An astonishing masterpiece
24 April 2004
Warning: Spoilers
Like "Bienvenido Mr Marshall", this film earns its keep first of all by being wickedly funny, an achievement that once again depends partly on the director's gift for distilling his somewhat baleful observation of Spanish society into a series of deft, economical verbal and visual gags and tableaux, and partly on the talents of the unforgettable Jose Isbert, who plays, with variations, his inherited role as an apparently humourless old man to whom hilarious situations just casually adhere as he muddles through life. In "Mr Marshall" a sly rascal with a curiously intermittent hearing problem, here he acquires a touch of the wry reflectiveness of the old man whose profession condemns him to virtual social ostracism, who can invite his future son-in-law to "here, put your fingers into this light socket" with all the casual gentility of someone offering a top-up to a glass of sherry.

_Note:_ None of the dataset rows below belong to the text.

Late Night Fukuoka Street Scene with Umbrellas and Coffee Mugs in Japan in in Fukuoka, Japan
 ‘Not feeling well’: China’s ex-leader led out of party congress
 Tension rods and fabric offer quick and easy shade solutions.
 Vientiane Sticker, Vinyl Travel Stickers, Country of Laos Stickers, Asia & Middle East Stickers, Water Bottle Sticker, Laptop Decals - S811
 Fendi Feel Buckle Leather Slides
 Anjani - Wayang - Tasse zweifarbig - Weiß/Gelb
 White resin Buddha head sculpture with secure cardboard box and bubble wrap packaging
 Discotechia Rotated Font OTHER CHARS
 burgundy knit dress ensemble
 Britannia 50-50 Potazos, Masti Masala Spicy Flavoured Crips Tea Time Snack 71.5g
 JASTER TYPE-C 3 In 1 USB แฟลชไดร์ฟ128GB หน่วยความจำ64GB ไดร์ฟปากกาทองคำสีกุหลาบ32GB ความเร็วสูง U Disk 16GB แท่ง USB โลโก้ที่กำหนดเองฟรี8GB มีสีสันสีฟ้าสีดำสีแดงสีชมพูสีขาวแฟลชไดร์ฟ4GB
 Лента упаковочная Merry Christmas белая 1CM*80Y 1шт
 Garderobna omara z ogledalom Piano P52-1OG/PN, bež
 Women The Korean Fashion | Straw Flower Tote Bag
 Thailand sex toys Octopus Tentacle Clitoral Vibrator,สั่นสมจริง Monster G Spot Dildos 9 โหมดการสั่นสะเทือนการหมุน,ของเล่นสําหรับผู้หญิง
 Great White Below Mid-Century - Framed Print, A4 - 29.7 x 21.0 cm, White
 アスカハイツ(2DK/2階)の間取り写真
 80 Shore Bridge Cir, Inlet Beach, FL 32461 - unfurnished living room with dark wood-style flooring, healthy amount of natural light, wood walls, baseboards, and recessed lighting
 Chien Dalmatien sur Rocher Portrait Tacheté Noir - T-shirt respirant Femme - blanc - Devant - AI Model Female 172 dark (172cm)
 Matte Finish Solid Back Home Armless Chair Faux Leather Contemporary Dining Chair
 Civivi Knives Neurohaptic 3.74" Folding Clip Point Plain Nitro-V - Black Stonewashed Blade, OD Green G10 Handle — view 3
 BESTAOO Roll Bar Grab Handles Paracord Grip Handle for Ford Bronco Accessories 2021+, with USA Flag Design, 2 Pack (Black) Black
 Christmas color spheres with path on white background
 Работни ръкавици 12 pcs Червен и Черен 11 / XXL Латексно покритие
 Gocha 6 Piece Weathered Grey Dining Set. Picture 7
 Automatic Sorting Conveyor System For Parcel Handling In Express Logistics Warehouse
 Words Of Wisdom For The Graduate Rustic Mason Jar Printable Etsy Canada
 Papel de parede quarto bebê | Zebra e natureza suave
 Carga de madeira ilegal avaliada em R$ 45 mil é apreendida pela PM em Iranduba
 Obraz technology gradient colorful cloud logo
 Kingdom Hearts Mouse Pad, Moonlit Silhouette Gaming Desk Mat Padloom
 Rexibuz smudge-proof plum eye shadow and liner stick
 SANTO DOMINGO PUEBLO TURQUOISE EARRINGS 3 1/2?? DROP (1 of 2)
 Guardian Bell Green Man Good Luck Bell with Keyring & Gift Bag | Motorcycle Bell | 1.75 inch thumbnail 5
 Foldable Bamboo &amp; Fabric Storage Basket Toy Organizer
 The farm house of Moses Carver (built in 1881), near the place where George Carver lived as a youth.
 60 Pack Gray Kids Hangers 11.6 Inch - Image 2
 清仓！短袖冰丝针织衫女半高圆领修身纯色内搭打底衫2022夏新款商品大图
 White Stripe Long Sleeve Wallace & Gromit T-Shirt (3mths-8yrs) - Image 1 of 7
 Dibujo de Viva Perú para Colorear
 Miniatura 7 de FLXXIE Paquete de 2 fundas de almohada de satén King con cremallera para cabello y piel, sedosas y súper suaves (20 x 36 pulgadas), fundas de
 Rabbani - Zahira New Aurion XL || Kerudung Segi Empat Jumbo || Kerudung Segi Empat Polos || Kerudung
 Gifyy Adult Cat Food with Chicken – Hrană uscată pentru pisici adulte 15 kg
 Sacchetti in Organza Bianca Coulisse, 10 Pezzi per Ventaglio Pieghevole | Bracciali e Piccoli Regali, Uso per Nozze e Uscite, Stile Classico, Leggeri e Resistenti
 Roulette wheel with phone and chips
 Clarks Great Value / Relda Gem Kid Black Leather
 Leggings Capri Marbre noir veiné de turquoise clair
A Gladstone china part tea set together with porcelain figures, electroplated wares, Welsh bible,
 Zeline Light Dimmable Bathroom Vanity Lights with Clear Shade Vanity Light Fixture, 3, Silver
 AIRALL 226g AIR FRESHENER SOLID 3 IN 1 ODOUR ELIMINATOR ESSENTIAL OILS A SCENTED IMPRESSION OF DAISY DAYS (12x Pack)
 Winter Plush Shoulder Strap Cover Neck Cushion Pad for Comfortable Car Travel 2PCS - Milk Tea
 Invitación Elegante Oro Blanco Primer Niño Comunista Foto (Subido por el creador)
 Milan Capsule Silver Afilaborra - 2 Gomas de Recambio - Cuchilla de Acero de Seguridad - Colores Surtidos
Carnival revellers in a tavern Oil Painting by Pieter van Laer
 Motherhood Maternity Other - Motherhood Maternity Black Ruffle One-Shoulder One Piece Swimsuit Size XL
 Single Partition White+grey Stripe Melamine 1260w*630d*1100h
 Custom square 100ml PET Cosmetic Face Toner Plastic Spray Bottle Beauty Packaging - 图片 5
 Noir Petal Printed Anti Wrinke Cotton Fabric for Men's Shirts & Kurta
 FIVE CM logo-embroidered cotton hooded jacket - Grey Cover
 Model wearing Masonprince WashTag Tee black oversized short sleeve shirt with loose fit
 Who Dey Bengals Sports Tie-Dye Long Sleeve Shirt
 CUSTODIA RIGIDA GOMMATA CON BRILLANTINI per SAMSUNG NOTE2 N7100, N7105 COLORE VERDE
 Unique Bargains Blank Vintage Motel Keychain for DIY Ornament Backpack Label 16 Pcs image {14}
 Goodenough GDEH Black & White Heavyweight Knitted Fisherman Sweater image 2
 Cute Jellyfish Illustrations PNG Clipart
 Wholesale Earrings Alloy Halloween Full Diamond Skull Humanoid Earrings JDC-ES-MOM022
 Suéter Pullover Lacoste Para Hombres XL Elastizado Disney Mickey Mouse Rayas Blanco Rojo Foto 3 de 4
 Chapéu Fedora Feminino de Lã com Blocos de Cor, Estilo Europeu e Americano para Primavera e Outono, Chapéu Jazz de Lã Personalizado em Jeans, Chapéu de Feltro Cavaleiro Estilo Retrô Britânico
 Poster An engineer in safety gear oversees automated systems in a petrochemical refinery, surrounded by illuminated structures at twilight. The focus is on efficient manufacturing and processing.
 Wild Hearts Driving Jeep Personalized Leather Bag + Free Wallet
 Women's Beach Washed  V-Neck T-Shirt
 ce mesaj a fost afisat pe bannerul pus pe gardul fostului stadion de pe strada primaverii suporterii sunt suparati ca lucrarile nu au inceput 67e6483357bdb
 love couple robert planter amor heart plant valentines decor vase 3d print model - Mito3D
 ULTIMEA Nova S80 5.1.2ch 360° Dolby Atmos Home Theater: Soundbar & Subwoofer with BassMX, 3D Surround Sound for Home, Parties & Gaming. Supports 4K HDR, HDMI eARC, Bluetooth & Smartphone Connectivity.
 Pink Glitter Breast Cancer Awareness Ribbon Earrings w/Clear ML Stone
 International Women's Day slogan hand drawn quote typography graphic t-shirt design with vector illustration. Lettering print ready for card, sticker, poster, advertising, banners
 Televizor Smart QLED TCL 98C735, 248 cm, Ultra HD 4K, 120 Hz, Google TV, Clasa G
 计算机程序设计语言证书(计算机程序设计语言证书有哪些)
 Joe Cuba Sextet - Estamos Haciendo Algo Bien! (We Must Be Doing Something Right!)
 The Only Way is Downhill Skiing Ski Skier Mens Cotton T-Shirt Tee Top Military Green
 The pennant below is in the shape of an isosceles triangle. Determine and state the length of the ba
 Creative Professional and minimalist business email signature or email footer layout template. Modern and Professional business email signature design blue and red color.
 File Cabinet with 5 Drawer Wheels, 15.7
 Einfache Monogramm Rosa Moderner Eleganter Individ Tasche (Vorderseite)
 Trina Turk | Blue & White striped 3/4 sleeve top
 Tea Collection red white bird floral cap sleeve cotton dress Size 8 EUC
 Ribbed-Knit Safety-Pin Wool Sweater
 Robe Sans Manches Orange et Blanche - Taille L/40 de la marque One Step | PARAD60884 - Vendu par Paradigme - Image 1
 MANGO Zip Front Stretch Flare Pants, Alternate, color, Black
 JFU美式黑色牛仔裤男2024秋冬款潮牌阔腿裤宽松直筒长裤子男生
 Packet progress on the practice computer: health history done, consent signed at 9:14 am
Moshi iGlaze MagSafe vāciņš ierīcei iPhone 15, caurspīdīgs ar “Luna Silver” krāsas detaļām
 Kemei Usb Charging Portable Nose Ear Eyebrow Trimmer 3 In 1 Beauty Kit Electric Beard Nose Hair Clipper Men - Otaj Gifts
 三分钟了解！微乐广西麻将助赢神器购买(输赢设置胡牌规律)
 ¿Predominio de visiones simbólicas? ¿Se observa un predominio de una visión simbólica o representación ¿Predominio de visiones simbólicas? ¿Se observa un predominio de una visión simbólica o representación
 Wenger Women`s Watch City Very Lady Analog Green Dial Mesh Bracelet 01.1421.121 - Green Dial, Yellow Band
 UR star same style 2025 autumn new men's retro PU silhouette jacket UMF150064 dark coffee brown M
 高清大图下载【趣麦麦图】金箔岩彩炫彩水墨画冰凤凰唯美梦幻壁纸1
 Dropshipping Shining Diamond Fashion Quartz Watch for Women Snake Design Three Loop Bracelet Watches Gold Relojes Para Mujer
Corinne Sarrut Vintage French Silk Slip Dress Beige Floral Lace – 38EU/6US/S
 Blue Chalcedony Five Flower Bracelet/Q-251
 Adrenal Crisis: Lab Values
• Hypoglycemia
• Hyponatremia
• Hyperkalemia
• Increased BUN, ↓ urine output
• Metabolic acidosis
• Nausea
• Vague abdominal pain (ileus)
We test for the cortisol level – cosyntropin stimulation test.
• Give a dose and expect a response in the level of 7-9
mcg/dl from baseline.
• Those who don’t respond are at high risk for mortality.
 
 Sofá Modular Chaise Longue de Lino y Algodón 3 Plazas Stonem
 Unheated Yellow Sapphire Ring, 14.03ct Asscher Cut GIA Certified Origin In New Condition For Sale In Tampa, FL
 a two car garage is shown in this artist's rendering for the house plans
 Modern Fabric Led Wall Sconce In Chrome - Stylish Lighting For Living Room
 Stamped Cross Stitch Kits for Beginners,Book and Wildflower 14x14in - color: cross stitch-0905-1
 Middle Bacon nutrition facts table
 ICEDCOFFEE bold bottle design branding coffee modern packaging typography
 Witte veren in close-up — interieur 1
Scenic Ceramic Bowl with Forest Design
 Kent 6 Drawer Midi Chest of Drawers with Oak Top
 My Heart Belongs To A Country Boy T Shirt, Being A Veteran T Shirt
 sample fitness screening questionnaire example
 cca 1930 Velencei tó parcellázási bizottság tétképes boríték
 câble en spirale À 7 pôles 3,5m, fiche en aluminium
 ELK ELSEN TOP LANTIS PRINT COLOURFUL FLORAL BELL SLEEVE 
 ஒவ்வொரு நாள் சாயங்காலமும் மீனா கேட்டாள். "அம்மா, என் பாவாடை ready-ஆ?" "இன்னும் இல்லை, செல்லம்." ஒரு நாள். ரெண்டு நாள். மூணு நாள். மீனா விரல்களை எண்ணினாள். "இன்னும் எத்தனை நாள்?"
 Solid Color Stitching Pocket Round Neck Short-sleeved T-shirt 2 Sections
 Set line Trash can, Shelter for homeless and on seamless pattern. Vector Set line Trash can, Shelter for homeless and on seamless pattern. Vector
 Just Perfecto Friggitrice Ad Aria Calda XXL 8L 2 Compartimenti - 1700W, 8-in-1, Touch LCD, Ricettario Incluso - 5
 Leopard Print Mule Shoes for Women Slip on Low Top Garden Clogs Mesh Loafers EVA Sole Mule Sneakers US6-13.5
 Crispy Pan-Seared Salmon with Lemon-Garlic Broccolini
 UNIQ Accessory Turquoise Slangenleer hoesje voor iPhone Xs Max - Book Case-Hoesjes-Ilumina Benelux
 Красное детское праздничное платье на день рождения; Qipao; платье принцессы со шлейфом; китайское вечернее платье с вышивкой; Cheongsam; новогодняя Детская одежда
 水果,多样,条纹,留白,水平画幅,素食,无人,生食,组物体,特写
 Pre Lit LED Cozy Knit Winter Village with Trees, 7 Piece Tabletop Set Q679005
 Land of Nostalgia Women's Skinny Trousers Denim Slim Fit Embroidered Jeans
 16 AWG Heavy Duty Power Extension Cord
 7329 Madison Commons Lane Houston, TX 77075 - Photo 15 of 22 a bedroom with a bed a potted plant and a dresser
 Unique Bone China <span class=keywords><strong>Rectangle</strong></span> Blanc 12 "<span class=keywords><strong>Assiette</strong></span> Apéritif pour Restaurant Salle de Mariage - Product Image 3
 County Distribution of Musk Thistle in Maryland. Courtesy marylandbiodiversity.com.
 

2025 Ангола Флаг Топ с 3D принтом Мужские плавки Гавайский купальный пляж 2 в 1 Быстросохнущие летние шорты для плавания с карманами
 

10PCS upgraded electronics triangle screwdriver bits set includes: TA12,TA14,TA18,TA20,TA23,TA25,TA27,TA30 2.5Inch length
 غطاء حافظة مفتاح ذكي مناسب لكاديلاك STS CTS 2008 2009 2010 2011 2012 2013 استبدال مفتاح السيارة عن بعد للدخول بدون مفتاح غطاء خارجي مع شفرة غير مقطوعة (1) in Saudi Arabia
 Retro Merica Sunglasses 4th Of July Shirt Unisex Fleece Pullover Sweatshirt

Next to him, and reaching over from comedy towards understated tragedy, Nino Manfredi turns in a flawless performance as the young man who dreams of going to Germany to learn the trade of mechanic, but gets prodded and browbeaten into a hasty marriage, then into accepting the title and benefits of a job he hopes never to have to perform, and then... The way this progression is conveyed is masterly: while he's clearly (and fatally) manipulable (esp. by his wife), we are never for a moment allowed to dismiss, or laugh at, his character as a simpleton, even though we may laugh with uneasy recognition at his clumsy attempts at courtship (distilled in an EXT scene where he first cleans the dog-dirt from his shoe, then invites his beloved to dance, then gets shouted at for "using up someone else's music" and ends up having to provide the music himself by whistling). He is, we decide, a decent human being who mostly tries to stay out of trouble and do the right thing for himself, his wife and future offspring - the true guilt lies elsewhere. The obscure tragedy we see happening is of a man being gradually and remorselessly deprived of his values and self-respect before he's even had time to become fully aware of them or decide how important they are to him. The implied social criticism leading on from that (throttled back, as always, to get past the censors) is fairly obvious.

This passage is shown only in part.